Work instruction: The output must start at the line containing "Close up of baked beef stuffed mini peppers" in the records below and stop at the last line, matching each line exactly and leaving out every picture.

Image-text web data:
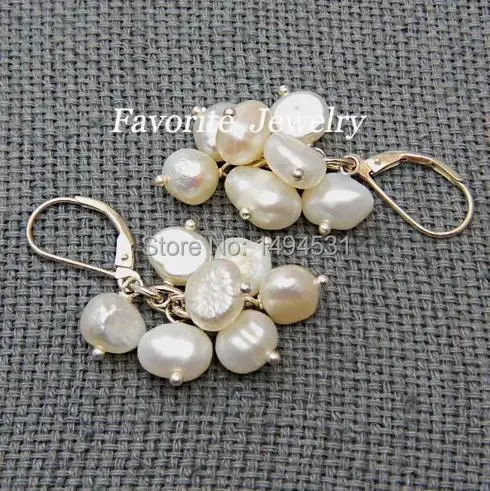 

Wholesale Pearl Earrings - 7-8MM White Color Natural Freshwater Pearl Dangle Earring Set - Handmade Jewelry - Free Shipping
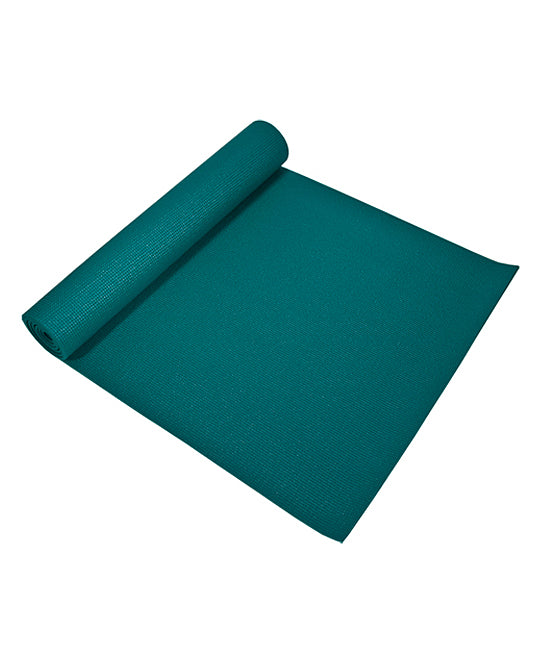 Teal yoga mat rolled up on a white background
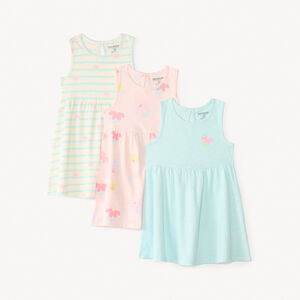 Set van 3 mouwloze jurkjes met bloemenmotief voor meisjesbaby's 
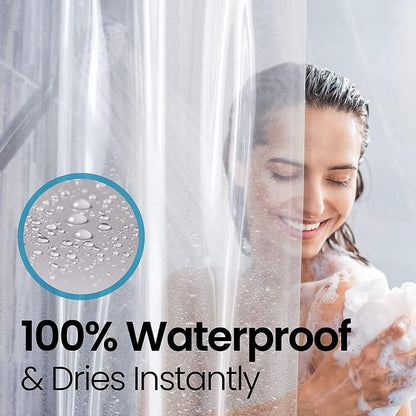 LiBa Shower Curtain PEVA 8G, 72x72 Inch Waterproof White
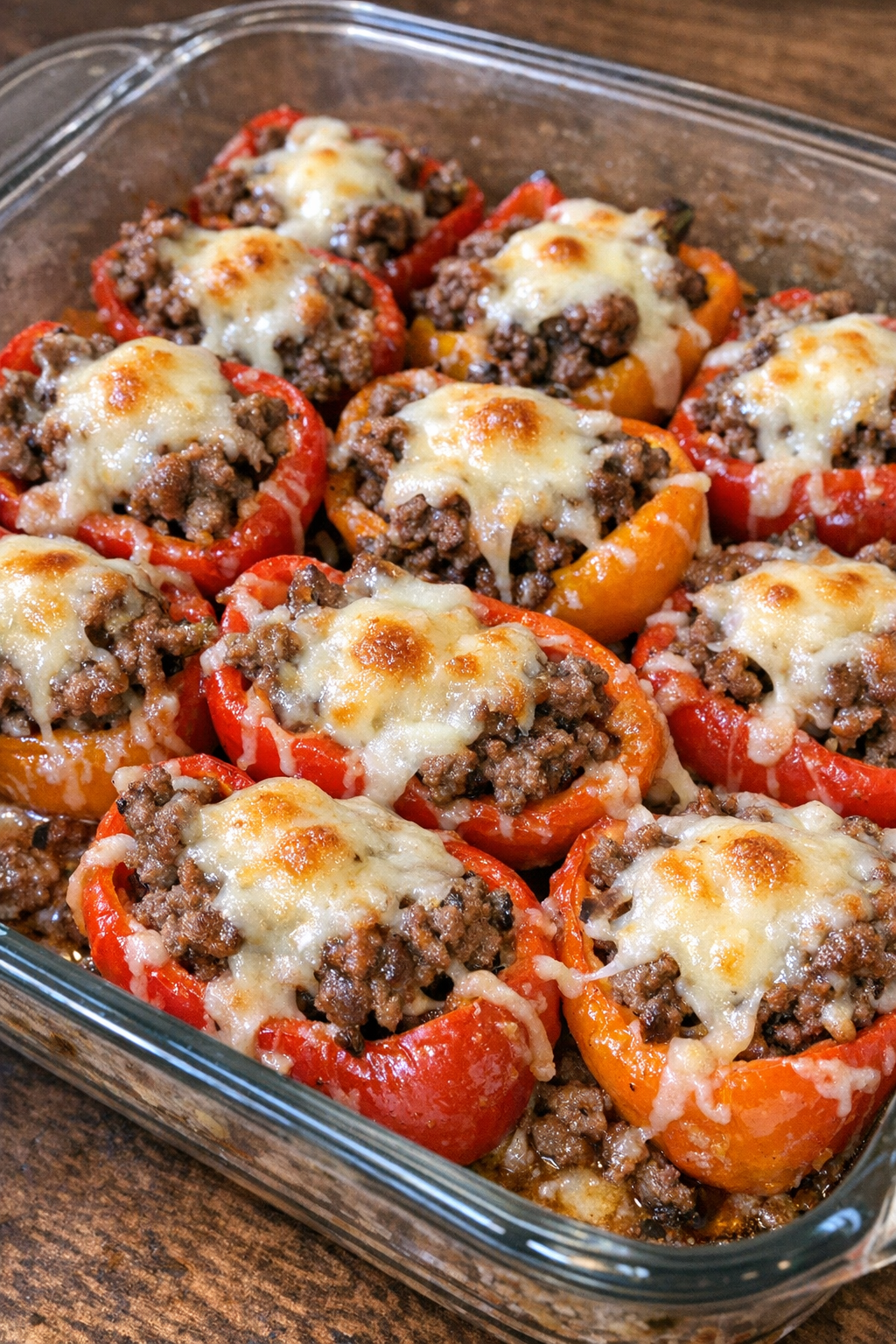 Close up of baked beef stuffed mini peppers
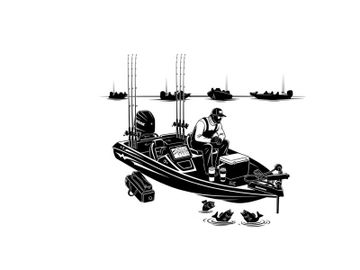 Silhouette of a man on a fishing boat with birds and other boats preview picture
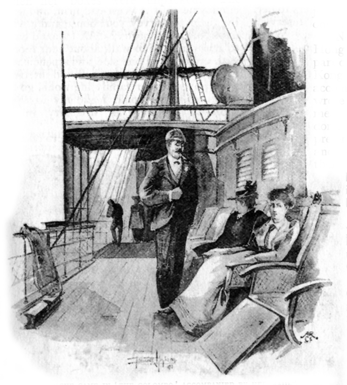 two women seated on a shipboard, a man nearby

Answer below:
 Close up of baked beef stuffed mini peppers
 Silhouette of a man on a fishing boat with birds and other boats preview picture
 two women seated on a shipboard, a man nearby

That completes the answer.